By the time the course is developed, several ID reviews have already been done. The learning audit is conducted by a third person who has not been a part of the design phase. Therefore, the course is looked at by a fresh eye and this makes a world of difference. The expert looks at the course without considering the constraints. I believe this is a good thing because several times we compromise on learning because of we are thinking about the constraints. He/she looks to identify the obstacles that will hinder learnability. An expert can help us identify where we have compromised.

Keep the following in mind if you are evaluating:
  • Ensure that there are no distractions. This requires a lot of concentration, else you may miss a crucial issue.
  • Try everything. What is the learner were to click this? What would happen if I go here instead of there?
  • Use screen grabs to highlight issues. This is helpful as the reader will not have to shuffle between a report (xls, word) and the course.
  • Include suggestions wherever possible. Provide two or three alternatives if possible. It would be very effective to show a suggestion visually.
  • Ensure that you mark the repetitive issues as a global comment. But, it is also important to identify all those screens in which the issue is present.

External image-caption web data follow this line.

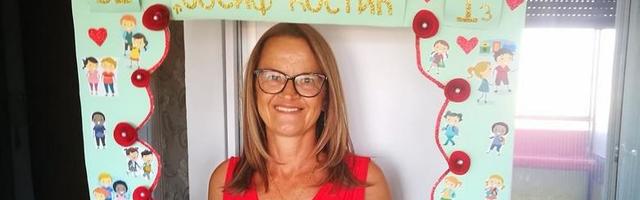 Učiteljica Dragica iz Leskovca kandidatkinja za najboljeg edukatora Srbije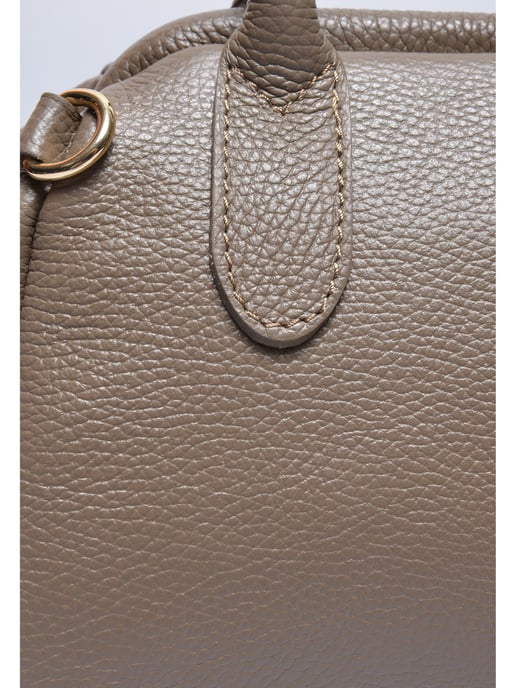 Isabella Rhea MUD Bolso de cuero - Image 3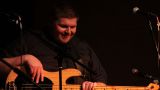 IMG 8930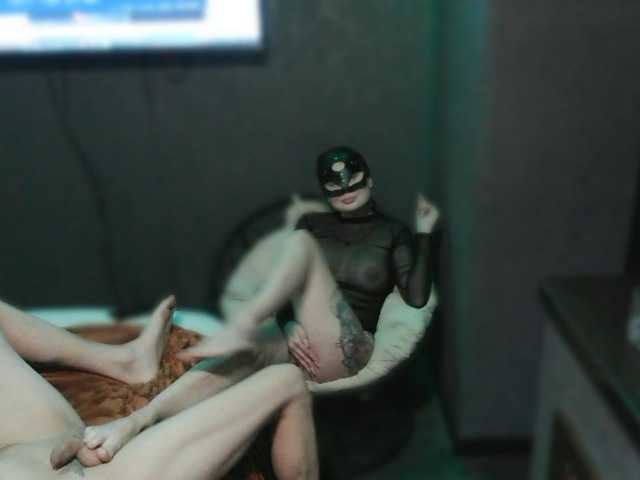 SofiaSW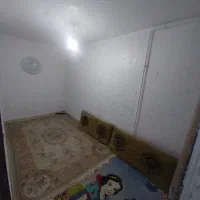 تکواحدی/کرسی بلند/تکخواب/رشت/حمیدیان|فروش آپارتمان|رشت, حمیدیان|دیوار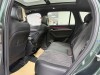 Geely Xingyue L 2025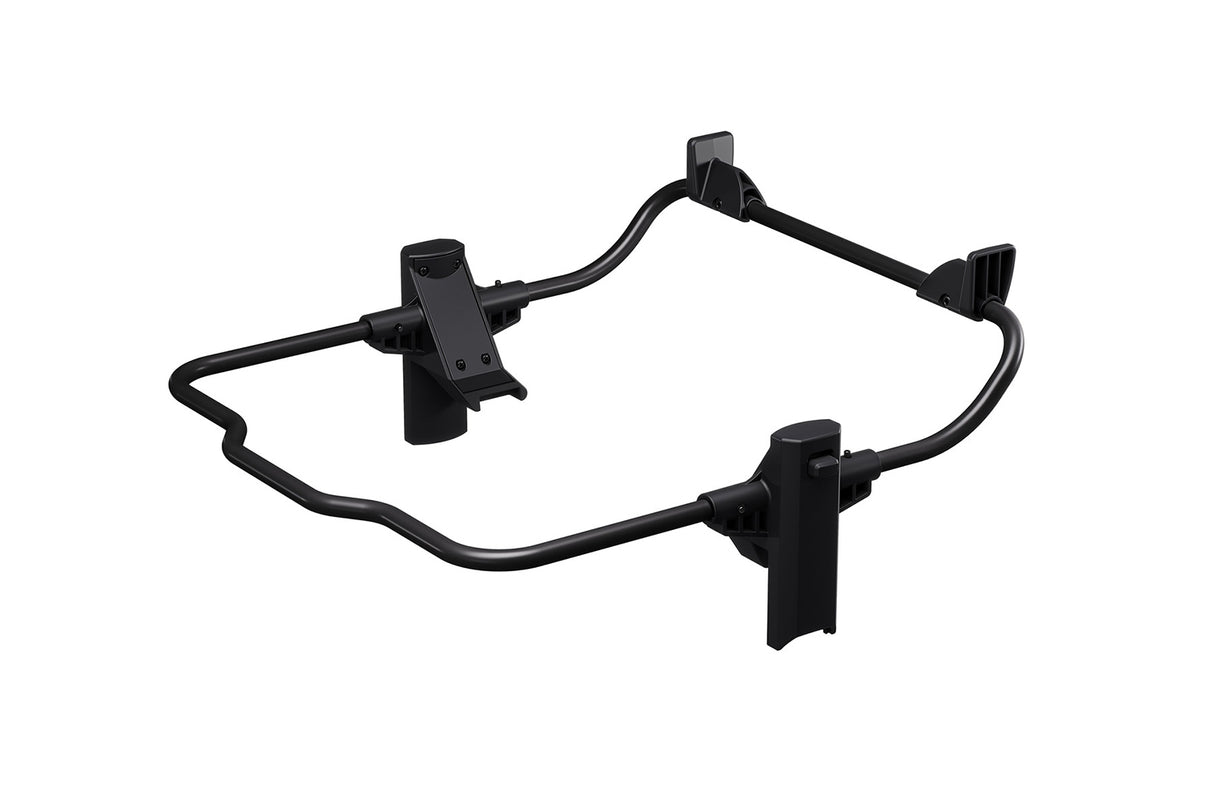 Thule Sleek Car Seat Adapter Chicco  - Adaptor pentru scaun de masina Chicco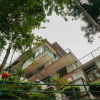 Отель National Mount View Resort, фото 1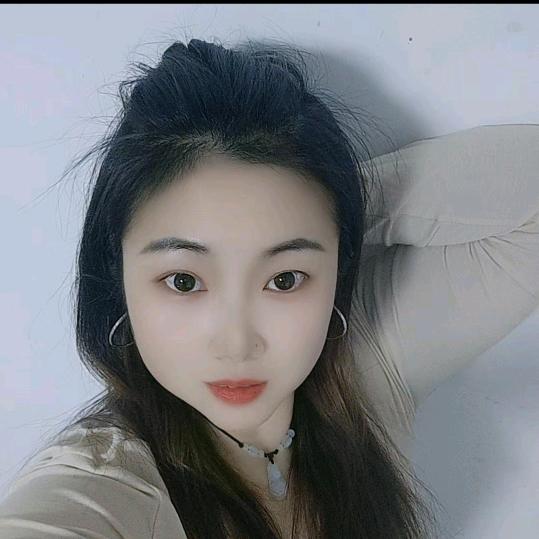 英子～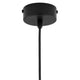 CORTINA Pendul 1x15W E27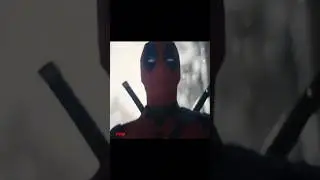 Deadpool 3 edit || Rave in the Grave #marvel #music #edit #deadpool #wolverine #raveinthegrave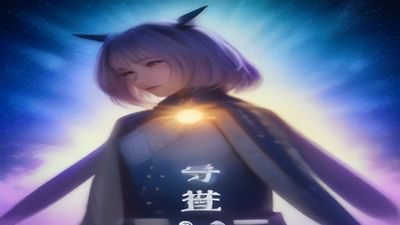 gv在线观看4K超清内容预览封面，专业摄影灯光营造霓虹质感，展示最新高清播放技术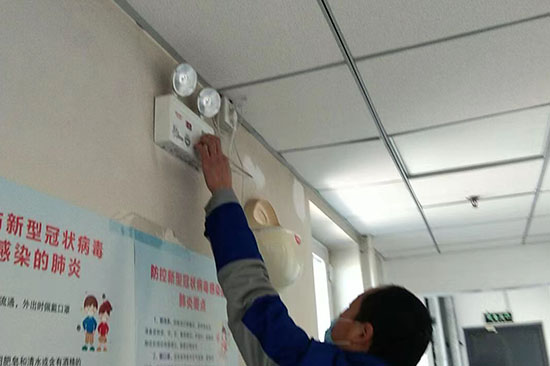 ����Ҫ�������z�y��늚����z�y�᣿������늙z�y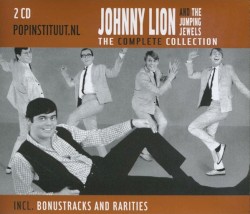 The Complete Collection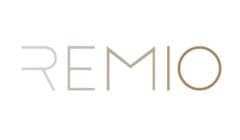 Remio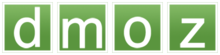 DMOZ logo.png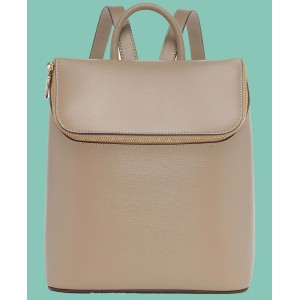 Bryant Top Zip Backp...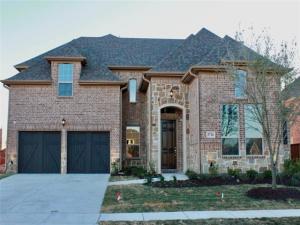 MLS #21394893 image #0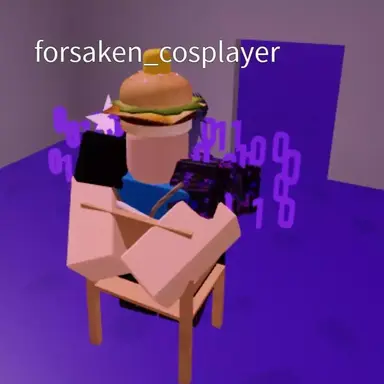 Profile image of 놀리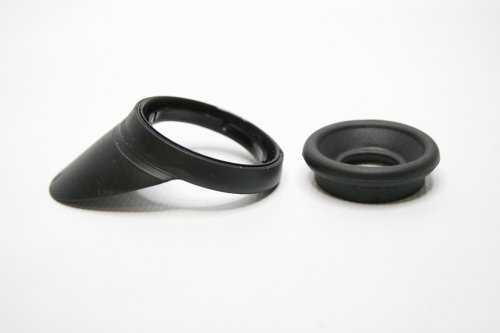 Наглазник Pulsar (Quantum / Helion / Recon / Digiforce) eye rubber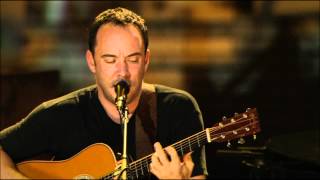 Dave Matthews amp Tim Reynolds  Live At The Radio City  Dont Drink the WaterThis Land Is Your Land [upl. by Kazimir154]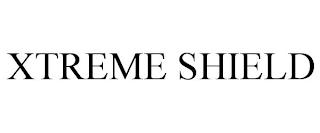 XTREME SHIELD trademark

This will help save time when the reader is fixing the issues.
  • If you have set parameters, you could check each screen for each parameter in a logical manner rather than just scan a screen. This way you will not miss anything.
  • It can become very tedious, tiring, and repetitive. So, be prepared.
The reports generated from both the expert usability evaluation and the learning audit is valuable source of feedback. You will be able to identify the things that can be worked on based on the suggestions provided by the expert. Use these techniques to evaluate your online course. Try it once and see how much of a difference it actually makes. But, remember, this is still no match for direct feedback from the learner.